Building an Efficient TensorFlow Input Pipeline for Character-Level Text Generation

This tutorial is the second part of the “Text Generation in Deep Learning with Tensorflow & Keras” series.

In this tutorial series, we have been covering all the topics related to Text Generation with sample implementations in Python. In this tutorial, we will focus on how to build an Efficient TensorFlow Input Pipeline for Character-Level Text Generation.

First, we will download a sample corpus (text file). After opening the file and reading it line-by-line, we will convert it to a single line of text. Then, we will split the text into input character sequence (X) and output character (y).

Using tf.data.Dataset and Keras TextVectorization methods, we will

preprocess the text,
convert the characters into integer representation,
prepare the training dataset,
and optimize the data pipeline.

Thus, in the end, we will be ready to train a Language Model for character-level text generation.

If you would like to learn more about Deep Learning with practical coding examples, please subscribe to Murat Karakaya Akademi YouTube Channel or follow my blog on muratkarakaya.net. Do not forget to turn on notifications so that you will be notified when new parts are uploaded.

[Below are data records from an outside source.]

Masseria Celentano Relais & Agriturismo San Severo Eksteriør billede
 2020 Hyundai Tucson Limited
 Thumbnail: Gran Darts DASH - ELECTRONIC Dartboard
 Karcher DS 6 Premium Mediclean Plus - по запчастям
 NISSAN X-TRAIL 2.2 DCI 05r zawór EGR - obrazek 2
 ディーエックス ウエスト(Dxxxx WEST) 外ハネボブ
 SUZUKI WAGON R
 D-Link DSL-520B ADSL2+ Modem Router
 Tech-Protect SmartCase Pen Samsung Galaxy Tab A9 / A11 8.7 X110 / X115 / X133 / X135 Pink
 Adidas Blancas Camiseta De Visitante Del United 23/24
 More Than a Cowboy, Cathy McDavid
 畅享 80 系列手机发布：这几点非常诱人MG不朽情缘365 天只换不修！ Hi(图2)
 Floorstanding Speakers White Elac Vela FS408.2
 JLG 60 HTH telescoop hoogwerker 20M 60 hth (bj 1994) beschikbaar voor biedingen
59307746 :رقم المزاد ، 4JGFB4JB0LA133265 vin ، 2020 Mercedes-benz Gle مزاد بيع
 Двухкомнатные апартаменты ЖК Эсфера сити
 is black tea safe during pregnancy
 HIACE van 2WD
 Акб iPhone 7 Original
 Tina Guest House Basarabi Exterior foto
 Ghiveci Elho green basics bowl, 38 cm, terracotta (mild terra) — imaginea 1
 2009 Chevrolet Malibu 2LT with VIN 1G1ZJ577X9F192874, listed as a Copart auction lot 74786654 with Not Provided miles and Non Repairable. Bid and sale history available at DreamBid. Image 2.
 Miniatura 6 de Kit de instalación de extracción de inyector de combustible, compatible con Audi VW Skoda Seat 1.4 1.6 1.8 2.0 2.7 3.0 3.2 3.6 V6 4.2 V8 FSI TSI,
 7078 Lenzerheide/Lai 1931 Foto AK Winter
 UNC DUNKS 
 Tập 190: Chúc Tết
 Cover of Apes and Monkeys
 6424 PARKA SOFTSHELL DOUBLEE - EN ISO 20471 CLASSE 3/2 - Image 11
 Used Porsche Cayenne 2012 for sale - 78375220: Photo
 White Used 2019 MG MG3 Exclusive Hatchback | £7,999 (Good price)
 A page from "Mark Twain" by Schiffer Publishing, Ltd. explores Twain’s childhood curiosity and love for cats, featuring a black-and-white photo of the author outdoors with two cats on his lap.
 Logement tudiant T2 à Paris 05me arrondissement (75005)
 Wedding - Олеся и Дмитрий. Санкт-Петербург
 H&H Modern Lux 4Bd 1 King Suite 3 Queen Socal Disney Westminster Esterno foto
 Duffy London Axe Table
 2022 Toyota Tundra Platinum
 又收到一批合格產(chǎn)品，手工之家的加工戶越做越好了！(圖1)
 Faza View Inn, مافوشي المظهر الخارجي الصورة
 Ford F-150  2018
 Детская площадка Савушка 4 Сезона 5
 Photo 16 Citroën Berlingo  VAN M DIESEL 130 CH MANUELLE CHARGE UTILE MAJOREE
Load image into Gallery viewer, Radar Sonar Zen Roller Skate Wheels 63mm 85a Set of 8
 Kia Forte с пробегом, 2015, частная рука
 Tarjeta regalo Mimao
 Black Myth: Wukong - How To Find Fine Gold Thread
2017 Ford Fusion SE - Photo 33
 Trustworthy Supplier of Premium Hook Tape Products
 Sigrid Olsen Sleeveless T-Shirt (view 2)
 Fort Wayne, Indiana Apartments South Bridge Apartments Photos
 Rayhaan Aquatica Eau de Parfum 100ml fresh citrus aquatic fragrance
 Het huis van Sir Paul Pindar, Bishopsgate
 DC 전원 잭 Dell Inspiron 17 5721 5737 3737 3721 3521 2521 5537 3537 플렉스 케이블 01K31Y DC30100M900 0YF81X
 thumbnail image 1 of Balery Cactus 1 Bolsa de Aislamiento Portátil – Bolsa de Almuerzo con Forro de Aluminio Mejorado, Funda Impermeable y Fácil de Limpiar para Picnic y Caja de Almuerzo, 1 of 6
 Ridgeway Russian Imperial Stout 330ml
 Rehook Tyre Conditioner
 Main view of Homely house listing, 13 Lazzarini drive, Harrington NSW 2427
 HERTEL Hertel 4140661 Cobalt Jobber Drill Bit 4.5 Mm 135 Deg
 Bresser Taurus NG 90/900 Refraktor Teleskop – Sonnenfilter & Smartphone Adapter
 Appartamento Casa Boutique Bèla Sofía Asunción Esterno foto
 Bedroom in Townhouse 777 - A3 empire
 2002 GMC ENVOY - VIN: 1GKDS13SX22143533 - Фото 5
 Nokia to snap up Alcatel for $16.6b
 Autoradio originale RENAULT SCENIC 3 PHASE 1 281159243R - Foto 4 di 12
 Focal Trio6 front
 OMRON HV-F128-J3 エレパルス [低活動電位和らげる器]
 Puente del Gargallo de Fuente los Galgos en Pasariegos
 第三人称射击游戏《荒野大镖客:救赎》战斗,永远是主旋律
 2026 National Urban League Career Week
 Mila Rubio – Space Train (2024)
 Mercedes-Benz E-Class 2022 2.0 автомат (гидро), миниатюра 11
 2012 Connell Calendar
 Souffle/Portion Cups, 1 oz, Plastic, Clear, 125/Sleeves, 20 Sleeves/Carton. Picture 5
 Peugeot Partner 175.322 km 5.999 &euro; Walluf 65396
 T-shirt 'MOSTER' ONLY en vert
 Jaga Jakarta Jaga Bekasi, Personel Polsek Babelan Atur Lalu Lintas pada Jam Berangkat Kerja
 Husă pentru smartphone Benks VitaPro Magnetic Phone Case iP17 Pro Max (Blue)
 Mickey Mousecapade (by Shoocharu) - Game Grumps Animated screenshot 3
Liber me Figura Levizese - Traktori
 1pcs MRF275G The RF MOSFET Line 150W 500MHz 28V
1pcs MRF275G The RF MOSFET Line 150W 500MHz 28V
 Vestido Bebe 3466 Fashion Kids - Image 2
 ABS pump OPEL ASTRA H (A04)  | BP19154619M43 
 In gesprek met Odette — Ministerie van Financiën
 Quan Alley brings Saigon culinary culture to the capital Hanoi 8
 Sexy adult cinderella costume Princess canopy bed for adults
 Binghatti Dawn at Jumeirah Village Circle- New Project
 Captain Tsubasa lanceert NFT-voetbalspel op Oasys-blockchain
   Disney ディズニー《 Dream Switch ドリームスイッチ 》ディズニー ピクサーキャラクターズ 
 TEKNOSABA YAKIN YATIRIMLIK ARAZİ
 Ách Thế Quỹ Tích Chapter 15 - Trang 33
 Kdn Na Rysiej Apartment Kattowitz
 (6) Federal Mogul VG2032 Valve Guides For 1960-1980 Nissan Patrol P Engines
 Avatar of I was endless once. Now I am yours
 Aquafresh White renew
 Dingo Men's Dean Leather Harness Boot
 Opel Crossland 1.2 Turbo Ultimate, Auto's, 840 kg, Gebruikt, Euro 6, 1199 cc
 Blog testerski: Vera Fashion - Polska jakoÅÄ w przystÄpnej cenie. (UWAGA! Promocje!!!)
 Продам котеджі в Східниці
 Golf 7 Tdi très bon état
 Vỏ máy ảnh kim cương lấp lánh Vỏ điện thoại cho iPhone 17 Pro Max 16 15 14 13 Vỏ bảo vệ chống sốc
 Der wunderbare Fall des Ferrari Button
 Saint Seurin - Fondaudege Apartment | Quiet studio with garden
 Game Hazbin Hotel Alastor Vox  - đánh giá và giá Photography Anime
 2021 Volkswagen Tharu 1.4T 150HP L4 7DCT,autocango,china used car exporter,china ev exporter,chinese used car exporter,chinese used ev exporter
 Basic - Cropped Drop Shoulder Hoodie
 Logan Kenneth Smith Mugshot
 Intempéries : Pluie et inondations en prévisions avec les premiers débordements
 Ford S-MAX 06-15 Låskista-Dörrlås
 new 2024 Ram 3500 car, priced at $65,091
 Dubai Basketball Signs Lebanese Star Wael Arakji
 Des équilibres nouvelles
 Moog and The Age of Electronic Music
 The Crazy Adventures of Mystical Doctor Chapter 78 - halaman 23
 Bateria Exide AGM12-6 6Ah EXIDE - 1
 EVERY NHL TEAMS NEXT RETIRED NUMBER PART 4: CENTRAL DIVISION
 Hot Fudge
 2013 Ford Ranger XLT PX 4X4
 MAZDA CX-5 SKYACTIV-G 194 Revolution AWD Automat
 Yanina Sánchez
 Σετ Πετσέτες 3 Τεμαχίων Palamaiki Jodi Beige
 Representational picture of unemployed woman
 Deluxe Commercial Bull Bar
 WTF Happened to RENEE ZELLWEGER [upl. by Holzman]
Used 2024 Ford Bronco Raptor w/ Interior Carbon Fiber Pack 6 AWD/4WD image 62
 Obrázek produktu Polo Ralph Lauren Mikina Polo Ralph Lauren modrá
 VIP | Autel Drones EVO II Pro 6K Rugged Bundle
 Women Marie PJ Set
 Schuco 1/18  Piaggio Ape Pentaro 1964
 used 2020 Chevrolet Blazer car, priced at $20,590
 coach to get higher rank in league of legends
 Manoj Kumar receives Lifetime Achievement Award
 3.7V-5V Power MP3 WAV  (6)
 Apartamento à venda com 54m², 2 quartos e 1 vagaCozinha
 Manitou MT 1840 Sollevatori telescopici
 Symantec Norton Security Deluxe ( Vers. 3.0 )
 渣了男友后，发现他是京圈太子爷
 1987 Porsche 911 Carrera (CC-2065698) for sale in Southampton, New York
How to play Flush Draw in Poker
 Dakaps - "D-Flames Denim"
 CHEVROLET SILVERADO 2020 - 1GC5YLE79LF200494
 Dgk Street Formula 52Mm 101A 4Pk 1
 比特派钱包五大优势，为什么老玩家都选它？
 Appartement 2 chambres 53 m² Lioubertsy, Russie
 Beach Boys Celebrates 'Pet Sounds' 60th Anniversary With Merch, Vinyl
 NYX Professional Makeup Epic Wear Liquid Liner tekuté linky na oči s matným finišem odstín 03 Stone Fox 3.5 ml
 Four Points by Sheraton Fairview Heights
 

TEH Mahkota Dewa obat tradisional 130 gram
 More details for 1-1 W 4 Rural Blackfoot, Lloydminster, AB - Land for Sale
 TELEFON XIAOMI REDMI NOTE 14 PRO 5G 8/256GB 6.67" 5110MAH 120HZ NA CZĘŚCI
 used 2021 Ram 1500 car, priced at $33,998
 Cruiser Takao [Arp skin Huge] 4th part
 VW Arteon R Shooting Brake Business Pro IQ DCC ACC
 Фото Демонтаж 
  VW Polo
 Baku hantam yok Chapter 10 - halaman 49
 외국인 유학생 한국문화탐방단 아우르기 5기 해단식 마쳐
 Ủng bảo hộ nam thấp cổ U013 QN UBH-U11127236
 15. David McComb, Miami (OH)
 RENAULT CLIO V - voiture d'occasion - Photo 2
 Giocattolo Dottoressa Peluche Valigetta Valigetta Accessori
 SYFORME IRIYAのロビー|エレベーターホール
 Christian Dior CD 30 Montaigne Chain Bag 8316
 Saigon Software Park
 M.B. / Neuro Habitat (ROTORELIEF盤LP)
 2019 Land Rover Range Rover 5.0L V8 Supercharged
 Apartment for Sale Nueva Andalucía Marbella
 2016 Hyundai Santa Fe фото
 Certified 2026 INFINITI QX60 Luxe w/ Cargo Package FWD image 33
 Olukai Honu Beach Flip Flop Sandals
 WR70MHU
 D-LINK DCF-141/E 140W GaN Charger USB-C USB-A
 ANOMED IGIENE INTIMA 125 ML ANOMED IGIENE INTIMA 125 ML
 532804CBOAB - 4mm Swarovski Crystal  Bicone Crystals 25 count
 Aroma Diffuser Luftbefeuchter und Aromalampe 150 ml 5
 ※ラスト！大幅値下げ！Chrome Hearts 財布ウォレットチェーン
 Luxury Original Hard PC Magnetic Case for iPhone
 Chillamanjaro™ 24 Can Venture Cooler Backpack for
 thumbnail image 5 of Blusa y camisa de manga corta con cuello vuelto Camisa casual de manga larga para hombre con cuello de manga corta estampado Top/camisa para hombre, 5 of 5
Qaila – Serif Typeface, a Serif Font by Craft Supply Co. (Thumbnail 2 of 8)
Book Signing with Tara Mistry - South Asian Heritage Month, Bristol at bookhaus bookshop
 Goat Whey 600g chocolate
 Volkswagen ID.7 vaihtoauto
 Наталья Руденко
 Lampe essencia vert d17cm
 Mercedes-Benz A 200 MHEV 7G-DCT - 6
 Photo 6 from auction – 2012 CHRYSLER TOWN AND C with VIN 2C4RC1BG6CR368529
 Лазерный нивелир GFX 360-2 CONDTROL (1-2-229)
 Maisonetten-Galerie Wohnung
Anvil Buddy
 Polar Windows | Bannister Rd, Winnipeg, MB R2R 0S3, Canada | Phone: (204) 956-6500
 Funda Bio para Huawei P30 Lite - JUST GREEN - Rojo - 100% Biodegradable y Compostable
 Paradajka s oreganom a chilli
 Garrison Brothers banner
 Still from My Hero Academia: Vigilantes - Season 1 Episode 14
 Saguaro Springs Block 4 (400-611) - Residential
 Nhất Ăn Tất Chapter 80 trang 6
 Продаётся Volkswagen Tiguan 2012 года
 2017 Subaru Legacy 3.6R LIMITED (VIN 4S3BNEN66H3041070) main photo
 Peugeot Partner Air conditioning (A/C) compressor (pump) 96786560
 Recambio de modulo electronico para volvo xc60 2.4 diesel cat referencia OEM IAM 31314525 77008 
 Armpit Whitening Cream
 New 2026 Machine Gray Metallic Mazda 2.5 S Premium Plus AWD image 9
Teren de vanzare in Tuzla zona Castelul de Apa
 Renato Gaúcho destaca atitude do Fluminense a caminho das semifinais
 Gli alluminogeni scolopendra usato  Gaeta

Photo by Harry Grout on Unsplash

You can access the complete code (Colab Notebook) using this link. You can read all the tf.data: Tensorflow Data Pipeline tutorials at muratkarakaya.net.
You can read all the posts about Text Generation in Deep Learning with Tensorflow & Keras Series here. You can watch all these parts on the Murat Karakaya Akademi channel on YouTube in ENGLISH or TURKISH.

Please ensure that you have reviewed the previous parts in order to utilize this part better. You can watch this tutorial on YouTube as well.

What is a Character Level Text Generation?

A Language Model can be trained to generate text character-by-character. In this case, each of the input and output tokens is a character. Moreover, Language Model outputs a conditional probability distribution over the character set.

For more details, please check Part A.

Tensorflow Data Pipeline: tf.data

What is a Data Pipeline?

Data Pipeline is an automated process that involves extracting, transforming, combining, validating, and loading data for further analysis and visualization.

It provides end-to-end velocity by eliminating errors and combatting bottlenecks or latency.

It can process multiple data streams at once.

In short, it is an absolute necessity for today’s data-driven solutions.

If you are not familiar with data pipelines, you can check my tutorials in English or Turkish. You can read all the tf.data: Tensorflow Data Pipeline tutorials at muratkarakaya.net.

Why Tensorflow Data Pipeline?

The tf.data API enables us

to build complex input pipelines from simple, reusable pieces.
to handle large amounts of data, read from different data formats, and perform complex transformations.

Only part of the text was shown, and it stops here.